Chase Snyder (36:46.03): Yeah, 100%. And so it’s like the amount of effort, cause almost no company will have only one vendor. Arguably you shouldn’t because you should have a sort of supply chain mitigations in place by having different vendors fulfilling the same sort of basic requirements. But then if you have different types of network devices or the same types of network devices from different vendors, and then you’ve got to have the different management appliance and console. And then you got to have the person or people who knows how to use that different management appliance or console. It gets muddy real quick. And when an organization has several of those different things and they’re trying to keep their stuff up to date to N-1 or whatever firmware across multiple products from multiple vendors through different management planes, they just can’t keep up. Then that’s how you end up with super out of date firewall managers and your firewall getting pwned.
Paul Asadoorian (38:02.699): There’s also the, I think that you could easily have, let’s say you have 200,000 employees. Any one of these platforms that’s providing VPN access especially is providing access for a user base of a hundred thousand or more people. Just think about that for a moment. Like, oh, I have to bring down access for a hundred thousand people or even better, I’m frustrated with vendor XYZ for any number of reasons—security, I’m told, is one of the reasons today that CISOs are making these decisions—and I want to move to a different platform. Oh, let’s just migrate 200,000 users to a new platform, because that’s not hard, is it? Of course it is. And that’s how they get stuck. Enterprises are stuck on these platforms.
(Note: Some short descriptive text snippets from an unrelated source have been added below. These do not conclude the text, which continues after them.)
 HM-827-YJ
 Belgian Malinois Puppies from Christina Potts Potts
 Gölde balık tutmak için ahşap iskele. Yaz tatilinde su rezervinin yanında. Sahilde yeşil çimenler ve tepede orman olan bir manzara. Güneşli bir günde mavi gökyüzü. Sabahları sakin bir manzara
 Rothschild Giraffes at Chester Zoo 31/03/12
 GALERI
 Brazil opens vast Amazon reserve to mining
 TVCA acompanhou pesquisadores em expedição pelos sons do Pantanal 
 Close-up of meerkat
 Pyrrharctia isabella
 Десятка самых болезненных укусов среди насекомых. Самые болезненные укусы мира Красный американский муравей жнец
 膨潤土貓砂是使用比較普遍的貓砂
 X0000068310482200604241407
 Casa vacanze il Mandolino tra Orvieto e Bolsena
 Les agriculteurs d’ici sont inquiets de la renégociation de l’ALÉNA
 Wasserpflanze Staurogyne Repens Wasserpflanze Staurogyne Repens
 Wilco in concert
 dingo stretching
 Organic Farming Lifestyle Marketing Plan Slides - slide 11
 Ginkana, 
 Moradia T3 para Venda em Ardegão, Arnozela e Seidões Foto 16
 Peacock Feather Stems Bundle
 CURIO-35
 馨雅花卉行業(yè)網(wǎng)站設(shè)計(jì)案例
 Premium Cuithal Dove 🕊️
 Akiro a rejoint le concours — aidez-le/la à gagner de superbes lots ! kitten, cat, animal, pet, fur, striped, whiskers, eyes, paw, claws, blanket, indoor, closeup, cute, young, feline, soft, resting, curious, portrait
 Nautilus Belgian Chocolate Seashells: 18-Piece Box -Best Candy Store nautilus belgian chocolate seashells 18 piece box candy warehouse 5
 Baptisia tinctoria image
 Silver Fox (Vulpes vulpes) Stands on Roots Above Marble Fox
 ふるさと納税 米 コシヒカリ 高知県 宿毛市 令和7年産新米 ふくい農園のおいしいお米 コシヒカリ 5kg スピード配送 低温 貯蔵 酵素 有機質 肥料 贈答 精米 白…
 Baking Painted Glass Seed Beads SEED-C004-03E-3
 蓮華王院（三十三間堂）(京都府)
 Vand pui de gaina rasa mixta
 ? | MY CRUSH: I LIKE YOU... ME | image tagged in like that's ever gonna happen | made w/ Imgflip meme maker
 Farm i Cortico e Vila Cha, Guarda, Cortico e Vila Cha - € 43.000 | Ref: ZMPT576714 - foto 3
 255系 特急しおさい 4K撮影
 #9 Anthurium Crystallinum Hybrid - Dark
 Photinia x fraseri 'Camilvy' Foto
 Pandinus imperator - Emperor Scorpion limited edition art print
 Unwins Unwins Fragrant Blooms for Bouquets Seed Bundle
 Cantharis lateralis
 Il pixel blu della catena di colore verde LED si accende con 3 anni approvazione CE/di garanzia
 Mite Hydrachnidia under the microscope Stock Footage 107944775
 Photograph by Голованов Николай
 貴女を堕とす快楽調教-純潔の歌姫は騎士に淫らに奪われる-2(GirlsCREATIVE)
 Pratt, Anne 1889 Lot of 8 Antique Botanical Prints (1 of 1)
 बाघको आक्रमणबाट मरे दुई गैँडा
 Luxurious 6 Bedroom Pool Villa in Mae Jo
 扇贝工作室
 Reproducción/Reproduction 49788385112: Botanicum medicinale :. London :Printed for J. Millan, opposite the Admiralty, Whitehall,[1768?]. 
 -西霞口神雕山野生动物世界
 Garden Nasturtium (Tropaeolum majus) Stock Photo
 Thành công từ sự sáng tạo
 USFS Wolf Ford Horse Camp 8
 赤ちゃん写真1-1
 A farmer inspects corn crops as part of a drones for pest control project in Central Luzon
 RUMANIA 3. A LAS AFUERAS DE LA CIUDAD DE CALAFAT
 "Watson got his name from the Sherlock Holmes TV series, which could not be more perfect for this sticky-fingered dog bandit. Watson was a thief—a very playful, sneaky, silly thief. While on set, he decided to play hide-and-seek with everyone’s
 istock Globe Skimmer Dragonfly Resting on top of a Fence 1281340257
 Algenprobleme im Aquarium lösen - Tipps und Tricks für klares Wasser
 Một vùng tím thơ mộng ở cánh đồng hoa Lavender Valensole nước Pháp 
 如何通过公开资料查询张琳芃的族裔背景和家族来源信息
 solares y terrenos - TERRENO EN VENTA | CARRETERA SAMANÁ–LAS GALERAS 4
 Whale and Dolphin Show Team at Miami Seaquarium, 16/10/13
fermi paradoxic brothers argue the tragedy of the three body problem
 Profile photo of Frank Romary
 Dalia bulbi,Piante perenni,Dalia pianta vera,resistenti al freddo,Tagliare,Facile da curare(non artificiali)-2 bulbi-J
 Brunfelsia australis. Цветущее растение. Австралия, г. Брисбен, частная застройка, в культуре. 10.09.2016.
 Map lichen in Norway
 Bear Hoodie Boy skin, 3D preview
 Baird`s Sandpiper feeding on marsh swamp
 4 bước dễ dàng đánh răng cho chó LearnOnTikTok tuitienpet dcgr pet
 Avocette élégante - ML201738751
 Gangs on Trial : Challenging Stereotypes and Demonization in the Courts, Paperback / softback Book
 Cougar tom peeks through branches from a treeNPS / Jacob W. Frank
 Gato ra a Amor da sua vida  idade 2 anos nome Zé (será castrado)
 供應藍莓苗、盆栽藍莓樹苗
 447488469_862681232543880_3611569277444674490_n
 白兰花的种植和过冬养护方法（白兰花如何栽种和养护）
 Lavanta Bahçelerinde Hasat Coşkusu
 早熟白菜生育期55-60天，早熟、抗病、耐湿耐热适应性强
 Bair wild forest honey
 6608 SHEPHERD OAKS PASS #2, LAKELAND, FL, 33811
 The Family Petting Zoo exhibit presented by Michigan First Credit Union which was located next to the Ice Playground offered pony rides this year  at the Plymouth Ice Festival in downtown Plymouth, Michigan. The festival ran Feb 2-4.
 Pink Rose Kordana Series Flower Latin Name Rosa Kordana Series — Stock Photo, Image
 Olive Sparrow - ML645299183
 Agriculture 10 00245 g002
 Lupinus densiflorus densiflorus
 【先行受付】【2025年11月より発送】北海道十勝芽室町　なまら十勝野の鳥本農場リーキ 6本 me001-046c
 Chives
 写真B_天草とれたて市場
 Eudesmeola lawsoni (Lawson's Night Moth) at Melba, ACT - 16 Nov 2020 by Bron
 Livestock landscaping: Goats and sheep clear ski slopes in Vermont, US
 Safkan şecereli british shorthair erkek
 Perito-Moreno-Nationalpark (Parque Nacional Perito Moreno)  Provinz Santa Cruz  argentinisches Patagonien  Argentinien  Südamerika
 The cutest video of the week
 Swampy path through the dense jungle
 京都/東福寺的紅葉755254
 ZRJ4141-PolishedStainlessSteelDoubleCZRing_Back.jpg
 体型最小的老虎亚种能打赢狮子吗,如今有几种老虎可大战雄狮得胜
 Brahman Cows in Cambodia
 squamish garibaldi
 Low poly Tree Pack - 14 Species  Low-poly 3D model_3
Brian Richardson (38:59.977): Yeah. Geographic region support is one of them, right? You end up with like a solution, either through like vendor support or sanctions or politics or whatever. Like your Asia customers can run one firewall, but your US customers can’t. And so you’ve got different versions of agents places or you’re in the middle of a rollout. And if you’re still doing that phased approach, cause I’ve been in companies where we’ve migrated the firewall and it’s been months of that transition. And at that point like you’re probably not maintaining the system you’re transitioning from so you still have a gap even when you’re moving from that vendor to have something that’ll persist after you put up the new guard but the thing already got in before you switched out the firewall.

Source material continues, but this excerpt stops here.